• WHAT IS REQUIRED
In the data below, restate exactly the lines from the one with "bentuk yang masuk" to the final line, both included, but not the pictures.
*** Opening INPUT DATA ***
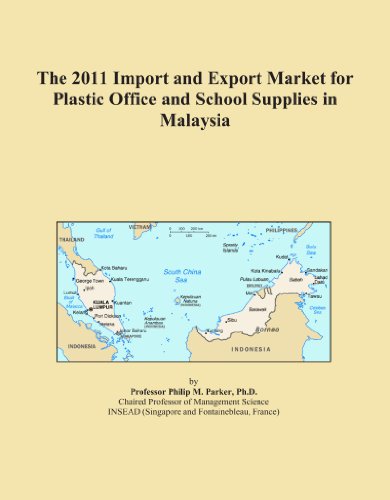 The 2011 Import and Export Market for Plastic Office and School Supplies in Malaysia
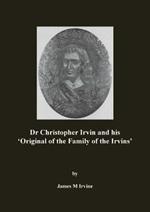 Dr Christopher Irvin and his 'Original of the Family of the Irvins'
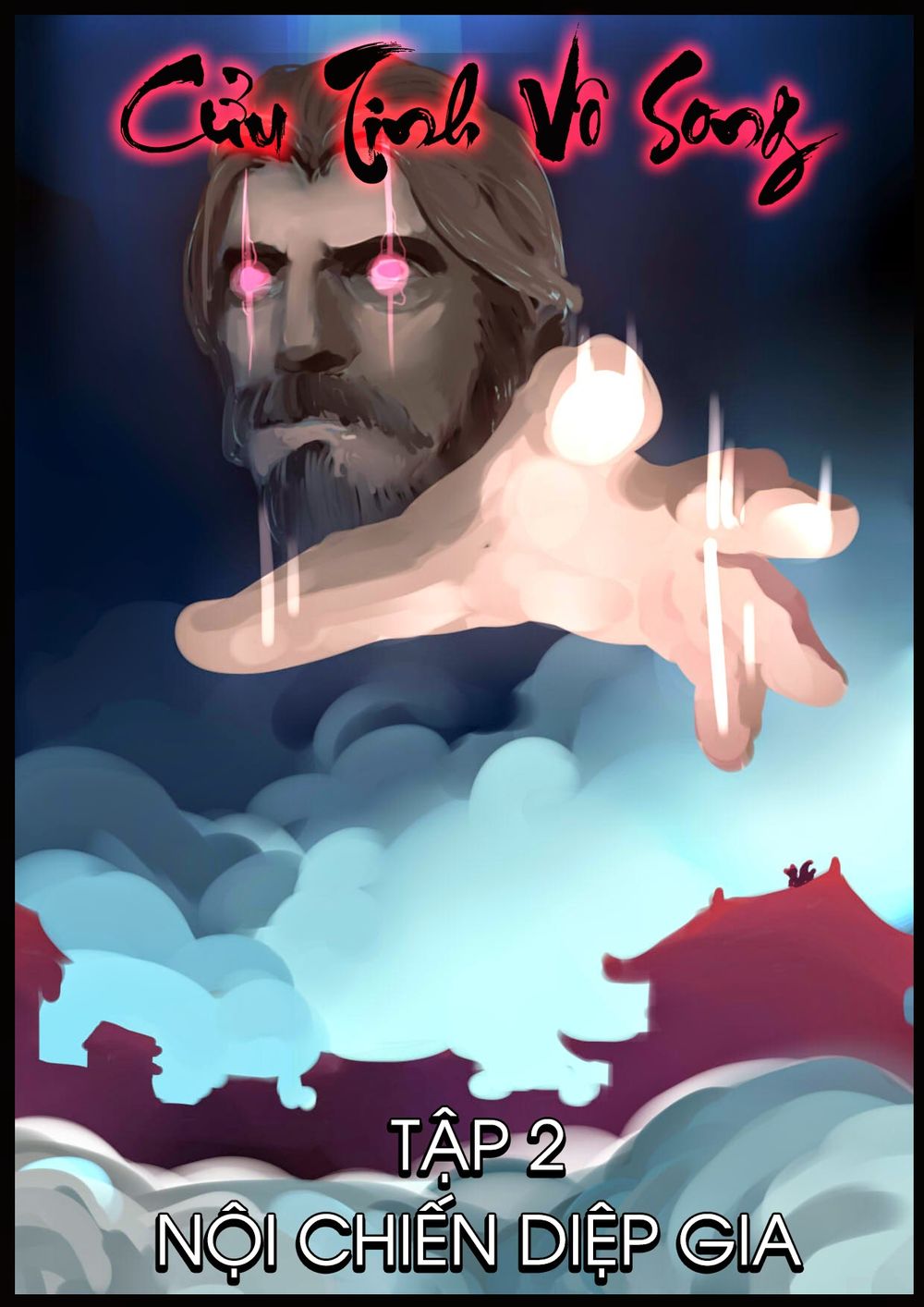 cửu tinh vô song chapter 2 1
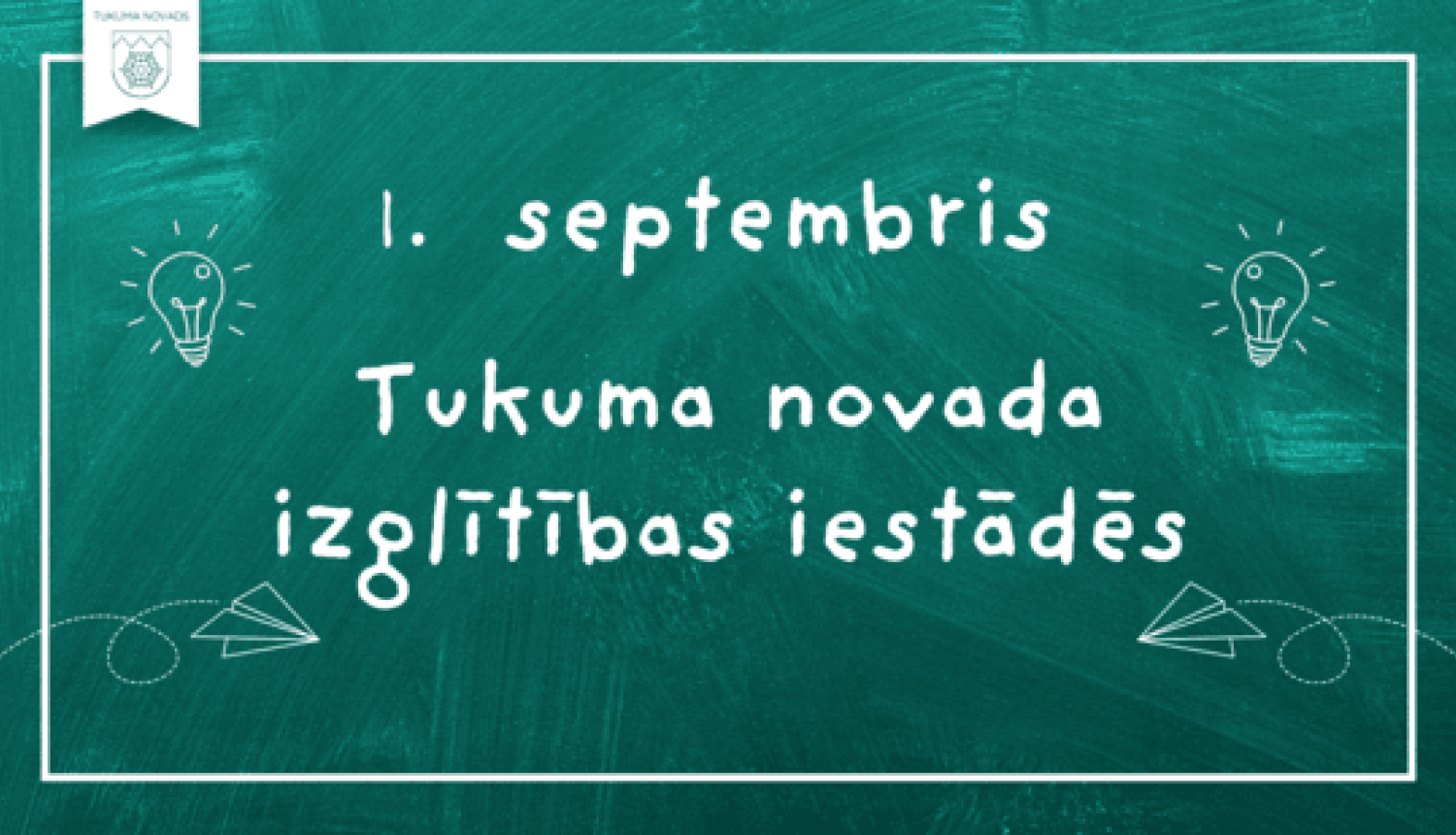 Afiša 1.septembrim Tukuma novada izglītības iestādēs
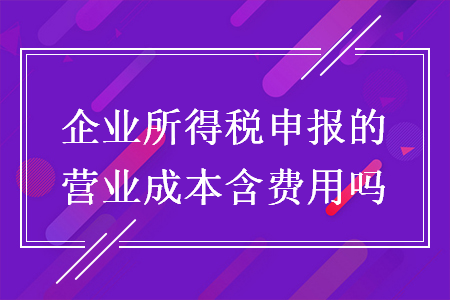 企业所得税申报的营业成本含费用吗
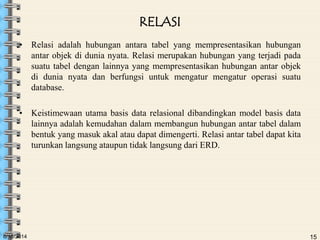 6/18/2014 15
RELASI
• Relasi adalah hubungan antara tabel yang mempresentasikan hubungan
antar objek di dunia nyata. Relasi merupakan hubungan yang terjadi pada
suatu tabel dengan lainnya yang mempresentasikan hubungan antar objek
di dunia nyata dan berfungsi untuk mengatur mengatur operasi suatu
database.
• Keistimewaan utama basis data relasional dibandingkan model basis data
lainnya adalah kemudahan dalam membangun hubungan antar tabel dalam
bentuk yang masuk akal atau dapat dimengerti. Relasi antar tabel dapat kita
turunkan langsung ataupun tidak langsung dari ERD.
 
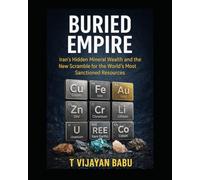 BURIED EMPIRE: Iran's Hidden Mineral Wealth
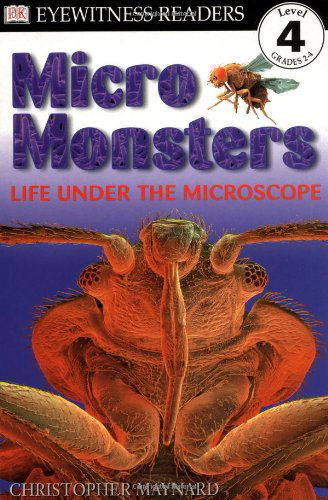 Cover for Christopher Maynard · Micro Monsters: Life Under the Microscope (Paperback Book) (1999)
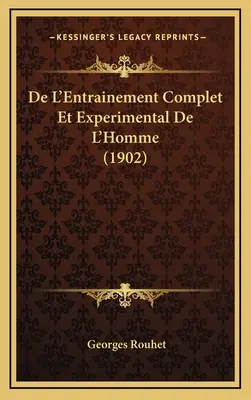 De L'Entrainement Complet Et Experimental De L'Homme (1902)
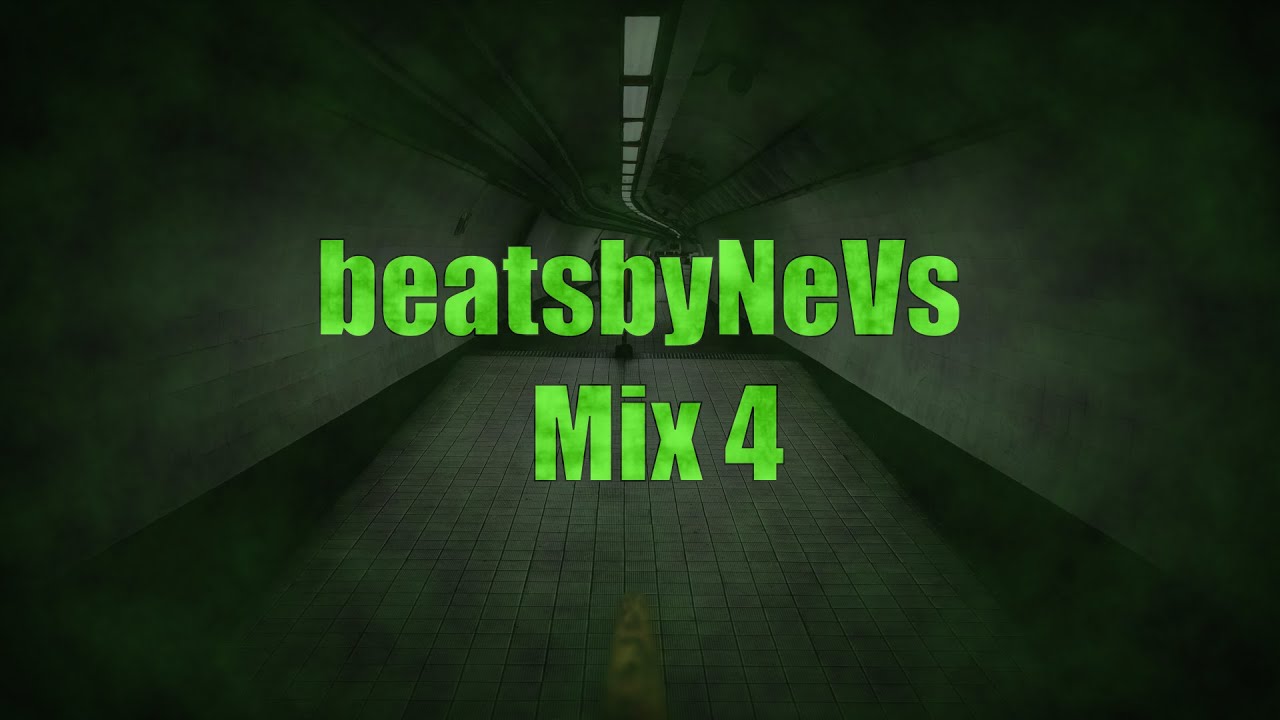 beatsbyNeVs - Mix 4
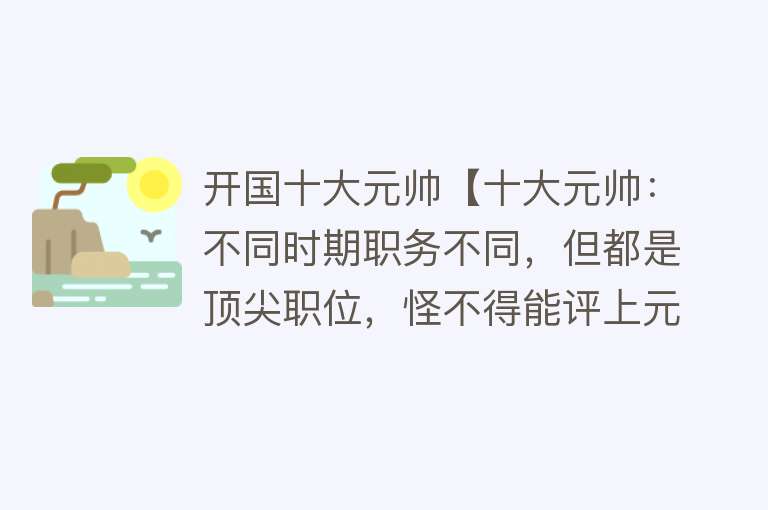 开国十大元帅【十大元帅：不同时期职务不同，但都是顶尖职位，怪不得能评上元帅】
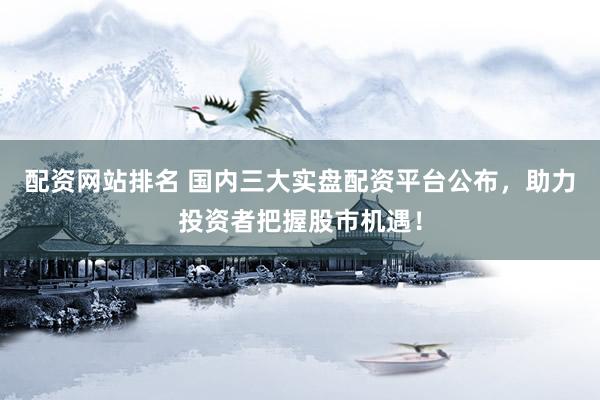 配资网站排名 国内三大实盘配资平台公布，助力投资者把握股市机遇！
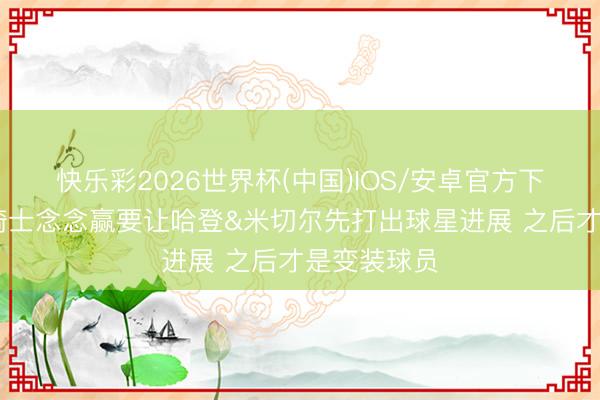 快乐彩2026世界杯(中国)IOS/安卓官方下载 追梦：骑士念念赢要让哈登&米切尔先打出球星进展 之后才是变装球员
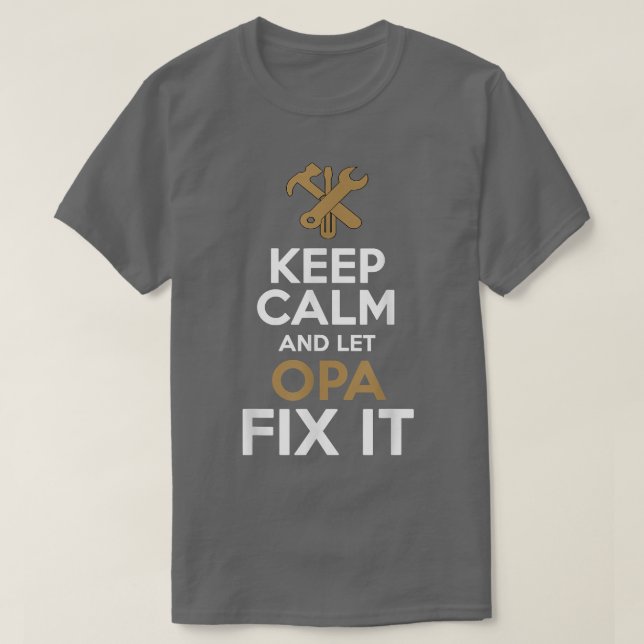 Keep Calm and Let Opa Fi it  T-Shirt (Design Front)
*** Closing INPUT DATA ***
• REPLY TO THE EXERCISE
bentuk yang masuk akal atau dapat dimengerti. Relasi antar tabel dapat kita
turunkan langsung ataupun tidak langsung dari ERD.
 
 BURIED EMPIRE: Iran's Hidden Mineral Wealth
 Cover for Christopher Maynard · Micro Monsters: Life Under the Microscope (Paperback Book) (1999)
 De L'Entrainement Complet Et Experimental De L'Homme (1902)
 beatsbyNeVs - Mix 4
 开国十大元帅【十大元帅：不同时期职务不同，但都是顶尖职位，怪不得能评上元帅】
 配资网站排名 国内三大实盘配资平台公布，助力投资者把握股市机遇！
 快乐彩2026世界杯(中国)IOS/安卓官方下载 追梦：骑士念念赢要让哈登&米切尔先打出球星进展 之后才是变装球员
 Keep Calm and Let Opa Fi it  T-Shirt (Design Front)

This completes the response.